Work task: Repeat the records exactly as given. Do not include the pictures.
┌──
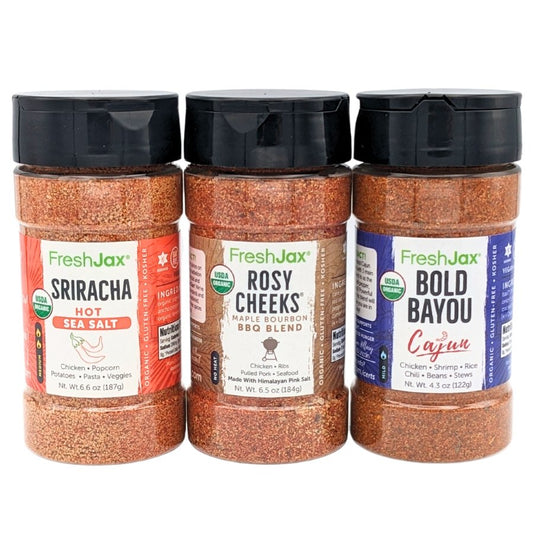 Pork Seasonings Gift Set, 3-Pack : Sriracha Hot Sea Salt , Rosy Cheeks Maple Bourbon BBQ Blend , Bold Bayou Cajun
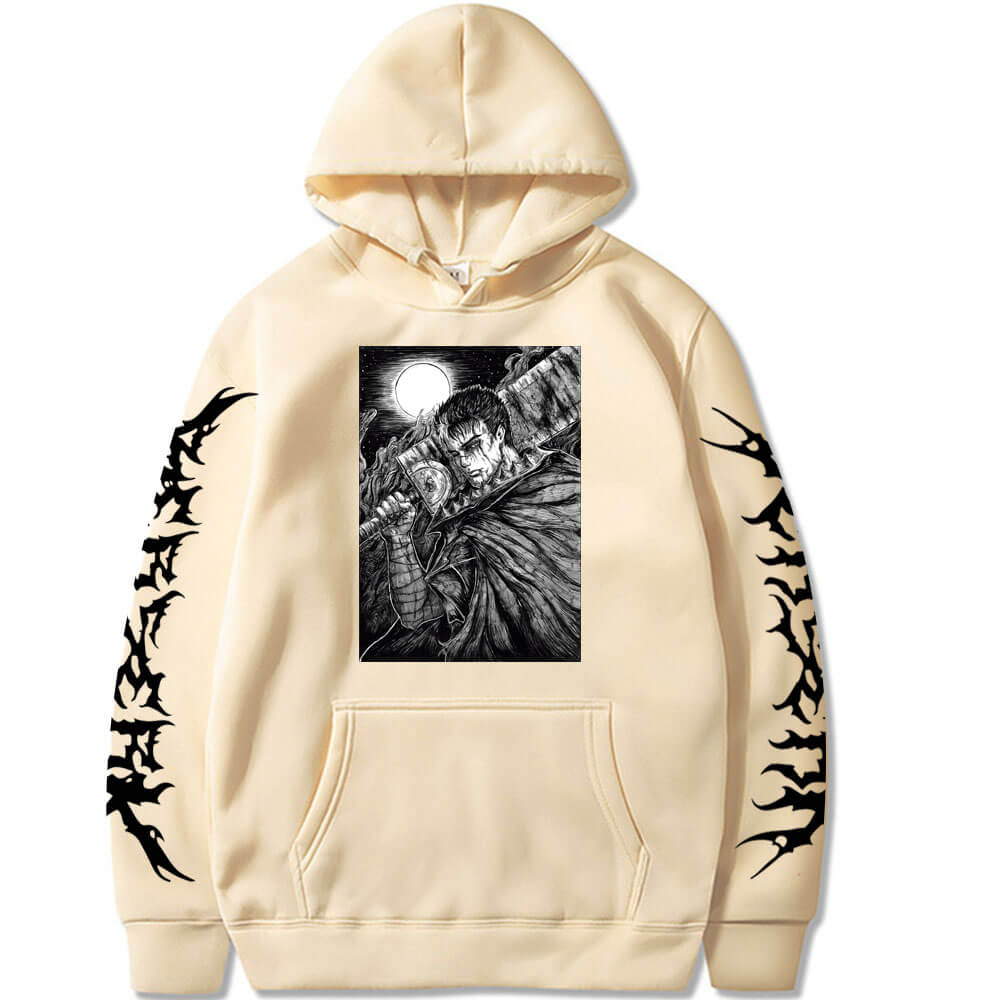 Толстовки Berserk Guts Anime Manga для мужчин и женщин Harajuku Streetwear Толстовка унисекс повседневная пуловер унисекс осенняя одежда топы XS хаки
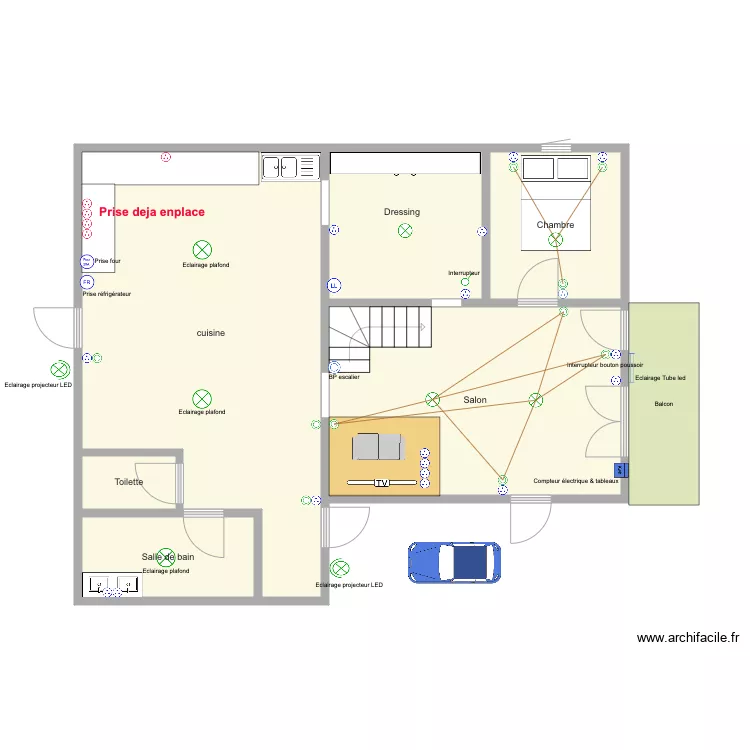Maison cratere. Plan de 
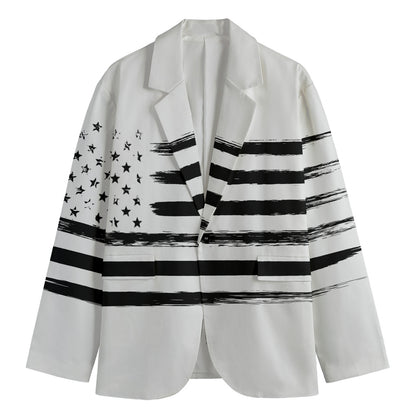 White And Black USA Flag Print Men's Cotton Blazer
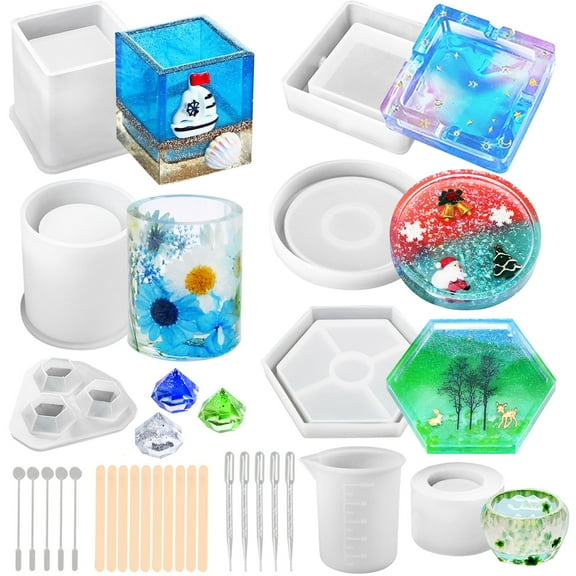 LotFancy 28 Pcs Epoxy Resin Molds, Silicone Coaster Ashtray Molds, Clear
└──
Answer to this task:
 Pork Seasonings Gift Set, 3-Pack : Sriracha Hot Sea Salt , Rosy Cheeks Maple Bourbon BBQ Blend , Bold Bayou Cajun
 Толстовки Berserk Guts Anime Manga для мужчин и женщин Harajuku Streetwear Толстовка унисекс повседневная пуловер унисекс осенняя одежда топы XS хаки
Maison cratere. Plan de 
 White And Black USA Flag Print Men's Cotton Blazer
 LotFancy 28 Pcs Epoxy Resin Molds, Silicone Coaster Ashtray Molds, Clear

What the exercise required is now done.